The characterisation of Anežka by Veronika Rovná was magnificent in the second act when she transformed from a mourning figure into a woman in love again and the more striking was her deep emotional character against the light-hearted minx of Karolina. Rovná is a magnificent soprano and a great actress, able to reach the highest notes of her role with ease. The Karolina of Slovak mezzo-soprano Soňa Godarská showed she was the finest singer of the evening, and she encapsulated every trait of the coquette and was the most fully rounded of Smetana’s characters in this bright, cheerful opera. Godarská was most impressive in both her glorious coloratura and her acting, in every scene she evinced all the witty aspects of her role, whether mock anger, jealousy or making fun of the errant lovers. She was given the best lines in the first act, while the composer gave Anežka the better music against the lesser music for Karolina in the second act. In their roles, there are parallels with Mozart’s Così fan tutte with Karolina Fiordiligi to Anežka’s Dorabella.

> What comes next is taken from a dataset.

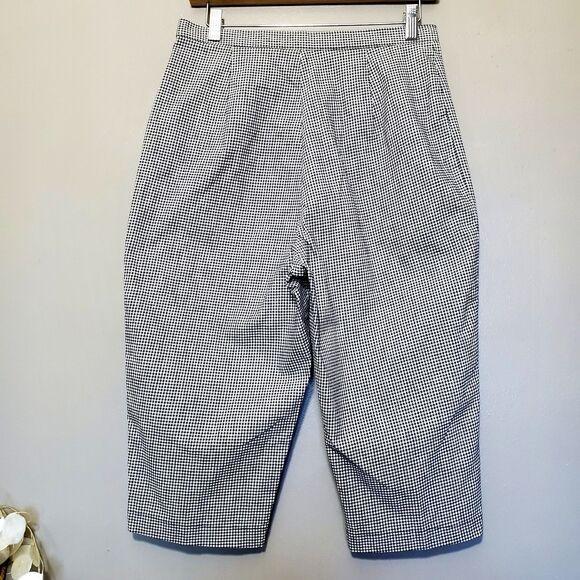 Dressbarn Gingham Pants Women's Size 10 Black White Ankle Capri Stretch - Picture 2 of 10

Celebrating the Harvest Festival, the villagers enter the auditorium on both sides and join the two couples of Ladislav and Anežka and the peasant boy Toník and his bride Lidka singing together in a quartet, ‘Ah, what a painful surprise’, and then the celebratory chorus enhanced by a terrifically merry polka dance joyfully surrounding the two happy couples – and before the close – the two widows take their places on stage with the villagers singing ‘Our Lord must surely love us’.

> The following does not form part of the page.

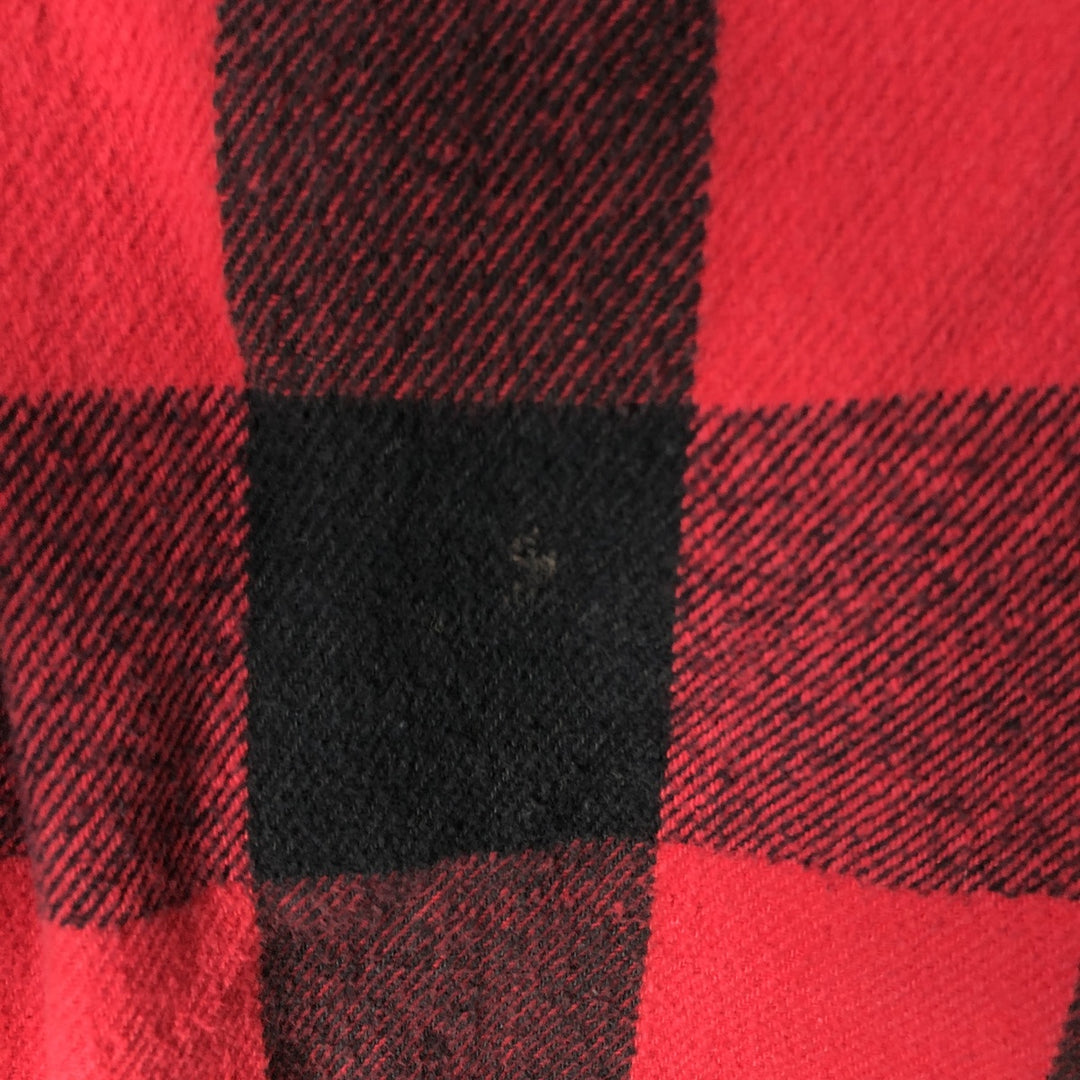 SANDY RIVER Buffalo Check Long-Sleeve Heavy Flannel Check Shirt, Men's Size L (approx.) cotton red type Vintage Second Hand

Ladislav Podhajsky was portrayed well by Martin Šrejma, whose glorious tenor embellished the opening to Act II, while the Mumlal of Zahradníček was characterised superbly in his rather droll solemnity mixed with darkly comic mannerisms. The secondary roles of the frivolous lovers Toník and Lidka were well sung and acted too, especially by Václav Čížek’s excellent tenor as Toník. The choreography of both the principal characters and the chorus supported the plot magnificently enhancing the mix of comedy and tragedy with witty charm.
This was a tremendous performance successful in the handling of manifold plots in this narrative of two women crossed by tragedy and of the forceful emerging role of women in Bohemian society. The packed auditorium rose almost as one in applause for this splendid opera by Bedřich Smetana and left one eagerly awaiting the further operas to be staged here in Ostrava.
Gregor Tassie
Typical of modern productions, trash the original concept to make an unrelated point. Compare this one to the 1990s production from Prague and you will see the difference.
It is well conduced and sung, but a total waste of time.